Los seres humanos somos montañas de contradicciones irresolubles. Clamamos que estamos en una emergencia climática planetaria, pero encontramos justificación para tirar de coche. Lamentamos que se mueran las tiendas de barrio, pero compramos en las grandes superficies o en internet. Defendemos el producto de kilómetro cero, pero llenamos la cesta con mercancías que han dado la vuelta al mundo antes de llegar al lineal.
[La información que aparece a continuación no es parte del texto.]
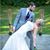 Samantha Lammers's profile image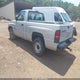 1B7HC16X7WS516731 1998 Dodge Ram 1500 St/Ws auction photo thumbnail 3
Y, de un tiempo a esta parte, hemos incorporado una nueva incoherencia: exigimos que se ponga coto al turismo masivo –sin explicar a partir de cuántos forasteros se aplica ese concepto–, pero, en cuanto podemos, nos damos un rule a cualquiera de esos lugares en los que no cabe un alma más. Por lo visto, turistas son solo los demás.

Lo preocupante, como estamos viendo en Barcelona pero también más cerca, es que la inquina hacia los visitantes va subiendo de tono y se manifiesta en insultos, abucheos y actuaciones coactivas. Las mismas personas que dan clases de tolerancia y de buena acogida se refieren a los extranjeros como “putos guiris”, metiendo en el mismo saco a millonetis de Rolex en ristre, mochileros que van todo el día empapuzados o familias corrientes y molientes que viajan porque les gusta conocer lo que hay más allá de su casa. Resulta curioso, a la par que significativo, que esto nos pase en una tierra en la que, con excepciones como Donostia y alguna otra localidad de la costa, apenas se recibían visitantes hasta hace muy poco tiempo. Hoy mismo, el número de viajeros es, en términos generales, bastante manejable, con el añadido de que la mayor parte practica un turismo nada molesto y totalmente respetuoso. La clave, mirando al futuro, será que no se nos vaya de las manos un fenómeno que nos enriquece en lo económico y en lo personal. Habrá que poner tasas específicas allá donde sea necesario, pero será un gran error dejarse llevar por la turismofobia, que no es más que otra variante de la xenofobia.